= Christodorus =

Greek epic poet from Coptos in Egypt

Christodorus (Χριστόδωρος), a Greek epic poet from Coptos in Egypt, flourished during the reign of Anastasius I (491–518). His father was named Paniskos (Πανίσκος).

According to the Suda, he was the author of Patria (Gr. Πάτρια), accounts of the foundation, history and antiquities of various cities; Lydiaka (Gr. Λυδιακά), the mythical history of Lydia; Isaurica (Gr. Ἰσαυρικά), celebrating Anastasius' victory in the Isaurian War (492–497); three books of epigrams; and many other works.

In addition to two epigrams (Anthol. Pal. vii. 697, 698) we possess a description of eighty statues of gods, heroes and famous men and women in the gymnasium of Zeuxippus at Constantinople (Ἔκφρασις τῶν ἀγαλμάτων τῶν εἰς τὸ δημόσιον γυμνάσιον τὸ ἐπικαλουμένον τοῦ Ζευξίππου). This text, consisting of 416 hexameters, forms the second book of the Palatine Anthology.

The writer's chief models are Homer and Nonnus, whom he follows closely in the structure of his hexameters. Opinions are divided as to the merits of the work. Some critics regard it as of great importance for the history of art and a model of description; others consider it valueless, alike from the historical, mythological and archaeological points of view.

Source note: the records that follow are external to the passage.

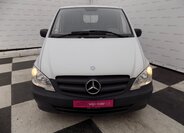 Mercedes-Benz Vito Užitková 2,1 l 70 kw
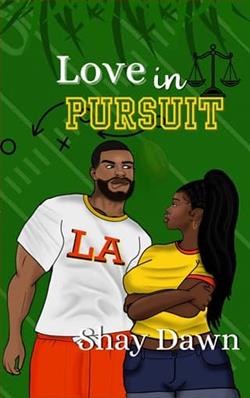 Love in Pursuit by Shay Dawn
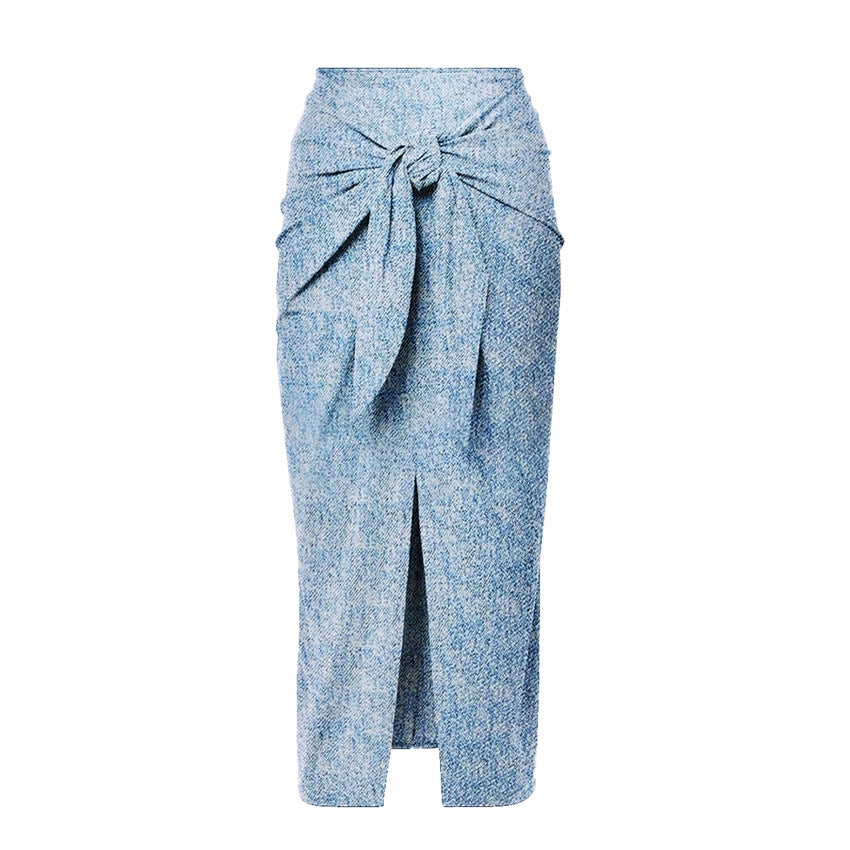 Wrap Skirt
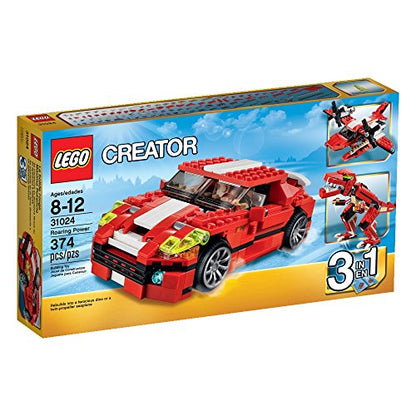 LEGO Creator Roaring Power 31024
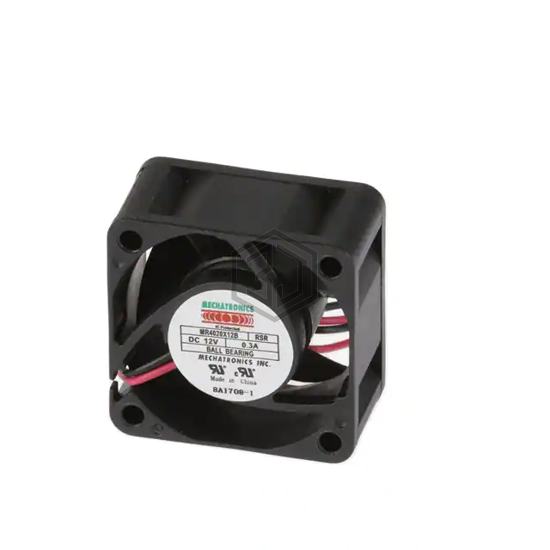 MR4020X12B-RSR - Mechatronics Fan Group - DC Brushless Fans (BLDC)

See Friedrich Baumgarten, De Christodoro Poeta Thebano, Bonn (1881), and his article in Pauly-Wissowa's Realencyclopädie der Classischen Altertumswissenschaft, III (1897) 2450–2452; Wilhelm von Christ, Geschichte der griechischen Litteratur (1898); Francesco Tissoni, Cristodoro. Un’introduzione e un commento, Alessandria (2000).